Prom '98: Grecian Nights



I took this image and made it into a coloring page. Everything was done by hand via Crayola Colored Pencils on February 24th 2014.




Chapter I
Date Anxiety



June 2nd 2013

I
t's that time of year when prom and the end of school is in the air, or for some prom is already over, including school.  For many prom is a wonderful time.  A time to remember the previous four years with a nice celebration with a girlfriend, friend, or even a group of friends.  For some, prom can be awkward, disastrous, or something they choose not to attend.  Luckily, my prom was wonderful.  If I didn't have a date, I would've went stag.  I worked too hard in school to not go to prom.  I recall a few girls that didn't have dates at my prom, so if you're reading this and don't have a date.  GO!  You never know who you might meet.

Even when I did or didn't have a date, I never missed a middle school or high school dance.  I sure wasn't going to miss the most important one of them all.  Prom.  I started thinking about my prom back in March 1998.  I was a 19 year old senior at Lakeland High School in White Lake, MI and our prom was going to be held at Bakers of Milford in Milford, MI.  I was glad.  I didn't want to drive to Troy or some place that was an hour or so away.

I hadn't had a girlfriend since May 1997, my junior year, so I was single.  I started thinking at the early part of April about who I was going to ask.  All my female friends had dates, at least that I recall.  I wanted to take someone that I knew.  Someone that wouldn't screw me over.
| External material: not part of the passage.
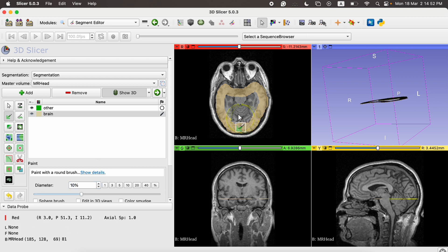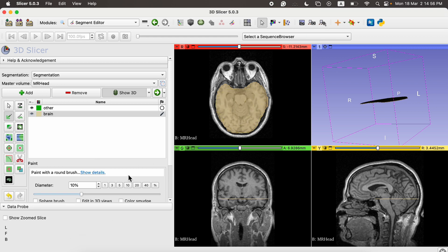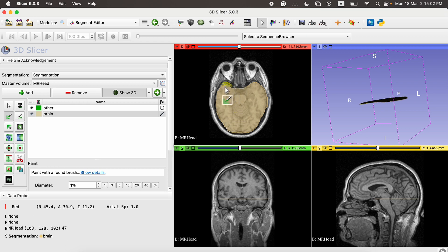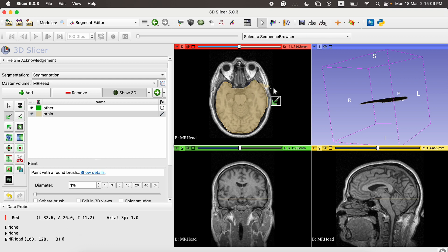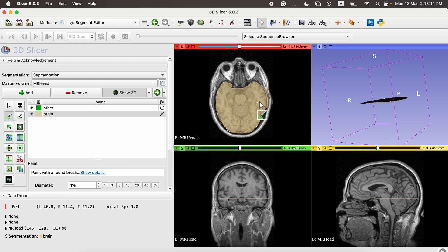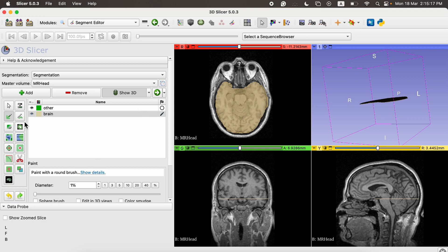We can increase the diameter to cover larger areas, or set it to one for precise segmentation and delineating precise regions. If we make a mistake, we can press Z to undo and Y to redo. These are the core options when working with manual segmentation.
Someone that wouldn't spend the whole night flirting with other people.  Someone who would treat me the way I treated them.  I know, that was asking a lot for a 19 year old, but if you knew my past, you'd see my reasoning.  I wanted to take someone who I would have a good time with, and someone who I cared about, it be a friend or someone more.  As you can tell, I'm pretty old school when it comes to dating.  So, who would I ask?


If you must know, I hate group dates.  Ever since my high school days I've hated them, and luckily, I haven't went on any.  My anxiety is a tad bit higher.  It all stems back to my freshman homecoming, when my best friend of 6 years kissed my date, basically right in front of my eyes.  My friend Brad had brought his date (Melissa), and I had brought mine (Trisha) to the dance.  Even though Trisha and I were just friends (same with Brad and Melissa), he asked if he could slow dance with Trisha.  Which, I didn't have a problem with.  I slow danced with Melissa as well. Toward the end of the night Trisha wasn't feeling good (tired) so Melissa and I went to get a drink.  We both talked about how much fun we were having, and Melissa knew that Brad liked her, and he really did.  I was happy for Brad, and I remember that I spent the weekend prior to homecoming at his house showing him how to fast dance, as this was his first dance that he attended, if I recall correctly.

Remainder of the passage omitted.